The King – pretending to be all powerful, promises his daughter her any wish. When she makes a bold and lethal choice, the king could have shown some moral leadership. Instead, he gave in to the situational pressure and the expectations of follow-through behavior to fulfill the “trappings” of his supposed power. However, in showing what he thought was the power over the life and death of John, he really showed how powerless he was in the face of evil choices that controlled his behavior and the trap set for him by his wife.
The message in Thessalonica is the opposite of such peer pressure and envy. The people of this Greek community hear from Paul that the way to success is NOT by climbing over the dead bodies of others. Rather Christian success is accounted for by lifting up others so that we can ascend the ladder of the Lord with them, not over them.
Early in its history, I used to be fascinated by the show “Survivor.” But in reality, this show gives us a very Herod-ian picture of life. To succeed in the end, the “winner” actually has to put down challenges from others in the community until he stands alone.

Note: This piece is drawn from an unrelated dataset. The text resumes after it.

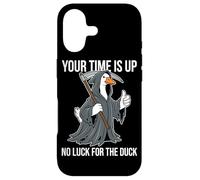 Your Time Is Up No Luck For The Duck Funny Reaper Goose Case for iPhone 17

In Thessalonica, to win in the game of Biblical Survivor, the formula is to reassure (not reject) others. To live if others stand firm, not if others are trampled. Rather than envy, the disciples share joy and thanksgiving. Rather than directing our lives for selfish pursuits, Paul will succeed if he pursues and assures the success of others, not their failure.
How can you promote the success of others? When we are filled with love for others, not jealousy, or conceit, or pride, then we can show others the way to heaven on earth.
Tuesday, August 27, 2013
Memorial of Saint Augustine, Bishop and Doctor of the Church
By Colleen O’Sullivan
And for this reason we too give thanks to God unceasingly, that, in receiving the word of God from hearing us, you received it not as the word of men, but as it truly is, the word of God, which is now at work in you who believe. (I Thessalonians 2:13)
Jesus said, “Woe to you, scribes and Pharisees, you hypocrites. You are like whitewashed tombs, which appear beautiful on the outside, but inside are full of dead men’s bones and every kind of filth. Even so, on the outside you appear righteous, but inside you are filled with hypocrisy and evildoing.”
O Lord, may my heart ever be your dwelling place.
I wonder what Jesus sees when he looks at us. We live in a culture that puts a premium on physical appearance, and I seem to spend an inordinate amount of time blow-drying and styling my hair, putting on makeup and picking out clothes and accessories that coordinate before I walk out the door in the morning. But when Jesus looks at me, does he care about any of that?
He certainly seemed to notice the Pharisees’ appearance, saying they looked for all the world like whitewashed tombs. We know that tombs hold nothing but death and decay within them, and that’s what Jesus zeroed in on. He wasn’t impressed by the outward appearance of gleaming beauty, because he could see beyond that to the emptiness within. These weren’t godly people; their hearts were full of self-righteousness. They knew the words of the Law, but the loving spirit of God was missing.
In Jesus’ eyes, what makes a person beautiful has nothing to do with outward appearances, which can be deceiving. When I think about beautiful people, I often think about my grandmother. She had a hard life. She was one of 13 children who were separated when she was orphaned at age 4. Farmed out to relatives who treated her as a servant, she could easily have become a bitter person. However, she was anything but. She was always laughing and telling funny stories. She always had hugs and kisses to spare. She would never have been crowned Miss America, but her faith in and devotion to Christ made her shine.
When I think of beautiful people, I also think about the women in my Cursillo group. Each one brings her unique spirituality to the group. There are as many different ministries represented each week as there are Cursillistas. It’s the Word at work in their hearts and souls that makes them stand out in the crowd.
Imagine Jesus walking past you today. As he glances at you, what does he see?